In part 1, we train a simple classifier for the Fashion-MNIST dataset. In part 2, we train a neural net to perform semantic segmentation of images in a mini Facade dataset. For this project, I ran code on Google Colab using a GPU.

Working with neural nets in pytorch

Creating and training the neural network for each respective part followed the same essential steps:

Retrieve or create dataset(s), then initialize a loader object for it
Split the data into training and validation sets
Define the network architecture
Train the network on the training set, evaluate it on the validation set, and tune hyperparameters if necessary. Repeat.
Test the network with the test set. Report and analyze results.

Part 1: Classification

I read through this COLAB tutorial, which essentially goes through most of the steps we wanted to, but with a different datset.

These articles “Neural Networks” and “Training a Classifier” from pytorch (linked in the spec) were also very useful in figuring out how the code works!

Hyperparameters

optimizer = optim.SGD with momentum=0.9
learning rate: 0.01
training: 35000 samples
validation: 7000 samples
epochs: 12

Net

Net architecture was as specified in the spec.
Some things that noticeably improved the classifier were 1) increasing filter size from a naive 3x3 and 2) increasing the maxpool filter size. I suspect it’s because this means each number in the next layer represents more values of the previous.

Results

Loss:
My training loss converged to 0.15, and validation loss to ~0.27.

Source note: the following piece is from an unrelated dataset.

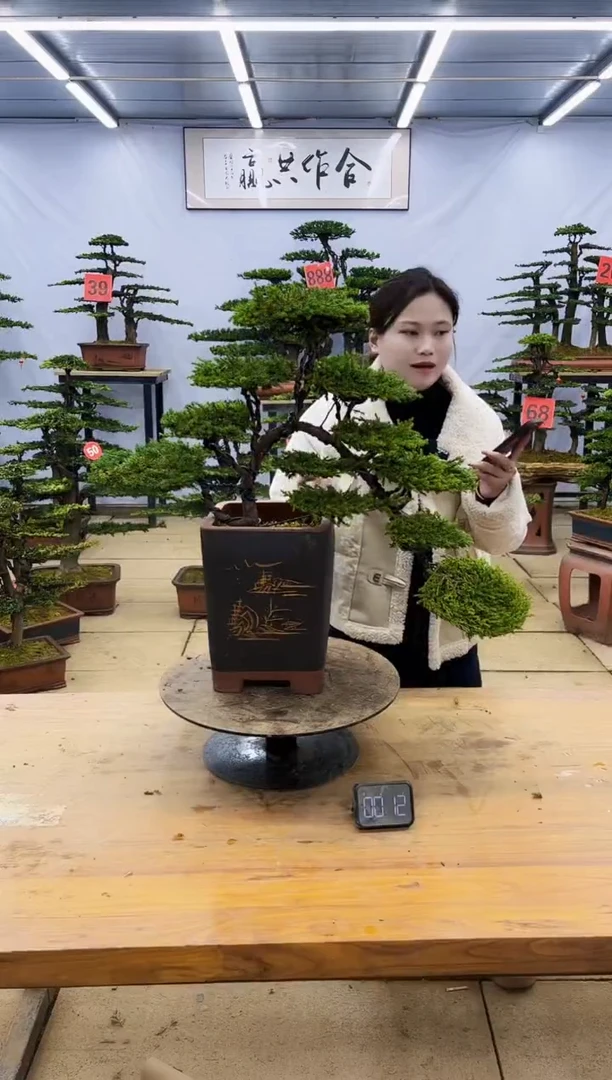 【闪购商品】高端盆景一物一拍，所见即所得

Plot the train and validation accuracy during the training process.

Compute a per class accuracy of your classifier on the validation and test dataset.

Computing accuracy...
Accuracy of the network on the 60000 train images: 92.20 %
Accuracy of the network on the 7000 validation images: 90.50 %
Accuracy of the network on the 10000 test images: 90.23 %

Class      Accuracy (%)
0            82.50   
1            98.50   
2            88.00   
3            90.20   
4            79.90   
5            98.30   
6            73.30   
7            95.60   
8            98.70   
9            97.30

Which classes are the hardest to get?

Class 6 performed very poorly in comparison to the rest of the classes. Otherwise, classes 0 and 4 also did not do well.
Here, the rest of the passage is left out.